Actually not sure what is your question.

You go right way, by the way.

For the OnlyOnceTrigger you can use something like this from my test-cases:

    private final AtomicBoolean invoked = new AtomicBoolean();

    public Date nextExecutionTime(TriggerContext triggerContext) {
        return this.invoked.getAndSet(true) ? null : new Date();
    }

...

    e -> e.poller(p -> p.trigger(this::nextExecutionTime))

For unzipping your file you should do something like this:

.<File, InputStream>transform(p -> new GZIPInputStream(new FileInputStream(p)))

And you must do this just because there is a FileSplitter out-of-the-box component to read files line by line and emit message for each of them.

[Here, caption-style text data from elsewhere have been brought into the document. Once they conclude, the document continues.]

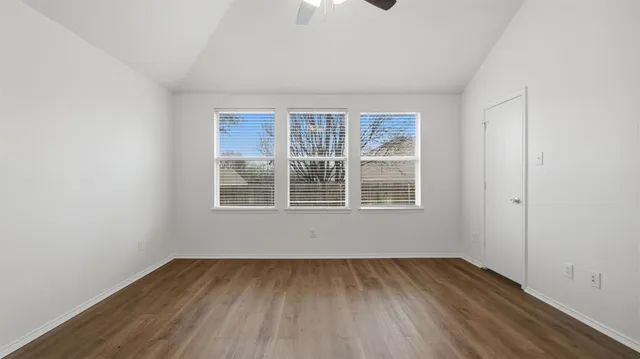 $275,900 | 1529 Cardinal Way, Aubrey, TX 76227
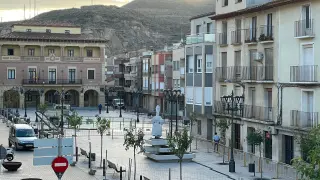 Obras de reurbanización en la Plaza España de Fraga.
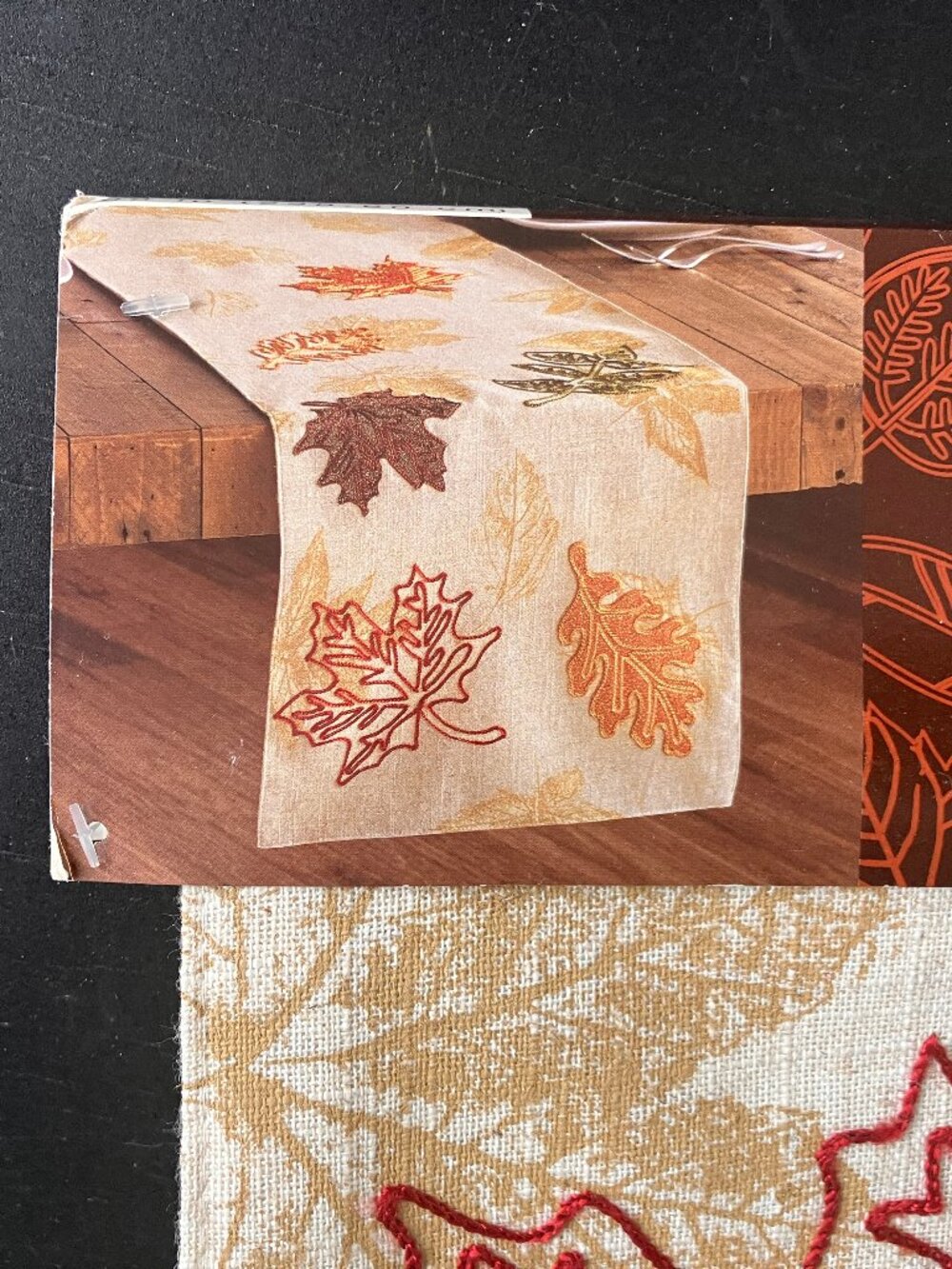 FALL TABLE RUNNER 90" - Picture 4 of 6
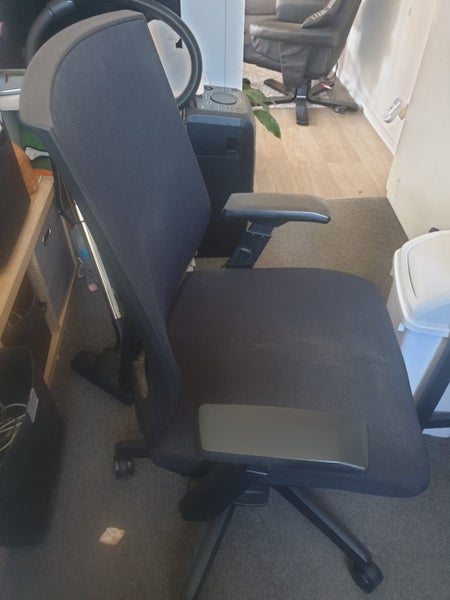 Computer set up with computer chair Carousel 5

And that one supports InputStream as a payload to allow you to avoid loading the entire file to the memory.

So, the next EIP-method in your IntegrationFlow is like:

.split(new FileSplitter())

Not sure after that if you need to aggregate each domain object to some list to make the further batch insertion, because you can do that one by one distributing them via ExecutorChannel

As you see there is no reason in the delete unpacked file step.

As well as in the last delete all *.gz files step. Just because you may rely on the AcceptOnceFileListFilter to avoid re-reading the same file on the next poll task.

Let me know if I have missed anything.